O procurador-especial já foi
chamado pelos democratas à Câmara dos Representantes e é provável que muitos
dos deputados democratas (que formam a maioria nessa câmara) continuem a
insistir no “impeachment” de Trump. Também William Barr, o novo
procurador-geral, irá ao Comité Judiciário a 2 de maio e espera-se um
interrogatório duro, já que muitos democratas, como é o caso do próprio
presidente desse comité, Jerry Nadler, acreditam que não há razão para que a
leitura que Barr faz do relatório seja tão branda com Trump e os seus
associados. Barr já tinha tido acesso a uma versão mais pequena do relatório e
na altura disse que o relatório ilibava o presidente, tanto de conluio com os
russos durante a campanha para as presidenciais de 2016, como de obstrução à
justiça. Mas, depois de se ler o relatório, há várias passagens que parecem
provar precisamente o contrário.
NÃO CRIMINALIZA MAS NÃO ILIBA
Além disso, há também o pequeno
pormenor de que Mueller escreve a seguinte frase, sem rodeios: “Enquanto este
relatório não conclui que o Presidente cometeu um crime, também não o iliba”.
Esta é uma das frases-chave para os democratas, mas há outra. No relatório,
Mueller explica que o Congresso pode agora pegar nas suas conclusões e
continuar a investigação: "O Congresso pode aplicar as leis de obstrução
ao exercício corrupto do poder do cargo de presidente, isso está de acordo com
o nosso sistema constitucional e com o princípio de que nenhuma pessoa está
acima da lei."
E é com estas frases de Mueller
como sustentação que os democratas devem agora partir para os seus próprios
esforços de investigação.

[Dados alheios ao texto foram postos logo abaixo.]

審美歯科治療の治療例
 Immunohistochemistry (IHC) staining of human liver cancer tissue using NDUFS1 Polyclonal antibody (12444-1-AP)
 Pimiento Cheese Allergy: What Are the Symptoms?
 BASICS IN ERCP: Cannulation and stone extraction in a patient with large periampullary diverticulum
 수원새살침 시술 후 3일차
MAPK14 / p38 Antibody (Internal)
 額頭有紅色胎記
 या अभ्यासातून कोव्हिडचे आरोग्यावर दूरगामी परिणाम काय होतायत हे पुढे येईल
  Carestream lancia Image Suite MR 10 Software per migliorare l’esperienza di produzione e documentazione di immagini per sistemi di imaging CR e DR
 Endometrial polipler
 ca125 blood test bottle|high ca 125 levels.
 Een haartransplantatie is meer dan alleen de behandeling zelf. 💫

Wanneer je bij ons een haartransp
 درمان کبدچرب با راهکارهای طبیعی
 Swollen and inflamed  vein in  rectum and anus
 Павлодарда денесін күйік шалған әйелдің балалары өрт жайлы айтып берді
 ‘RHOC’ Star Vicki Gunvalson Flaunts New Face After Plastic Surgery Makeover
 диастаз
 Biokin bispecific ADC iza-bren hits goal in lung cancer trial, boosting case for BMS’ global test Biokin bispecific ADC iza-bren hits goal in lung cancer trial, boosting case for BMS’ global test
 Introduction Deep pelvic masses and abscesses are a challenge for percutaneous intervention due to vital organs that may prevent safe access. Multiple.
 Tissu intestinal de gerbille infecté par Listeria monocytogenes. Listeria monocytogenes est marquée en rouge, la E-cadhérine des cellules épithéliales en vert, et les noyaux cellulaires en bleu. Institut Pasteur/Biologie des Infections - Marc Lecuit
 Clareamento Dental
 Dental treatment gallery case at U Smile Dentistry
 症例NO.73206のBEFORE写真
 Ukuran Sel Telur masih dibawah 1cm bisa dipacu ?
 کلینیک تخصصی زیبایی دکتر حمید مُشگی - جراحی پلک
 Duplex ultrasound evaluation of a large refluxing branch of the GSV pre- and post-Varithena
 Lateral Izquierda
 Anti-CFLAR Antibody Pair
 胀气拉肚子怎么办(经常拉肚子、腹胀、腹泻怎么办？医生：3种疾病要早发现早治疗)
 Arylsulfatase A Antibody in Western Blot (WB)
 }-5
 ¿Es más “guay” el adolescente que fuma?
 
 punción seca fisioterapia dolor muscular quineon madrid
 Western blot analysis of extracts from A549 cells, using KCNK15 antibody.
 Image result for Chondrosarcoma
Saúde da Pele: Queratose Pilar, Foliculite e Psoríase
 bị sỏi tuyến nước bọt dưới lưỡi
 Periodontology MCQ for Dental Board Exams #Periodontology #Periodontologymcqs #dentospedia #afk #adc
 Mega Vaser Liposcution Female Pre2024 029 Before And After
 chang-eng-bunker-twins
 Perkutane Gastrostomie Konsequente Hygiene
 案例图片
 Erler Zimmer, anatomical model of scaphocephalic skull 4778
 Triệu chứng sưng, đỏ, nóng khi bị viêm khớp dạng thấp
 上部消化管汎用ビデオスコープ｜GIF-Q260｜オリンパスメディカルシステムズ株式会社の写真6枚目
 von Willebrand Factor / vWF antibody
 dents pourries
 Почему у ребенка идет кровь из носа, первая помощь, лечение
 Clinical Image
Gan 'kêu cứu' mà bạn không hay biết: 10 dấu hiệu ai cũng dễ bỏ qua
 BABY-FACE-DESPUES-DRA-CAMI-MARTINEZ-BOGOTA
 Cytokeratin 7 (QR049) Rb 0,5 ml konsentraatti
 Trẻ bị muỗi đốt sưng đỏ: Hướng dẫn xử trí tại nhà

Adam Schiff, presidente do Comité Permanente dos
Serviços de Informações da Câmara dos Representantes, disse que o relatório
indica que as ações de Trump e seus associados durante a campanha "são
inquestionavelmente desonestas, antiéticas, imorais e antipatrióticas" e
que o que vem no relatório "não é motivo para exoneração, é mais para
condenação", disse aos jornalistas esta tarde, na Califórnia.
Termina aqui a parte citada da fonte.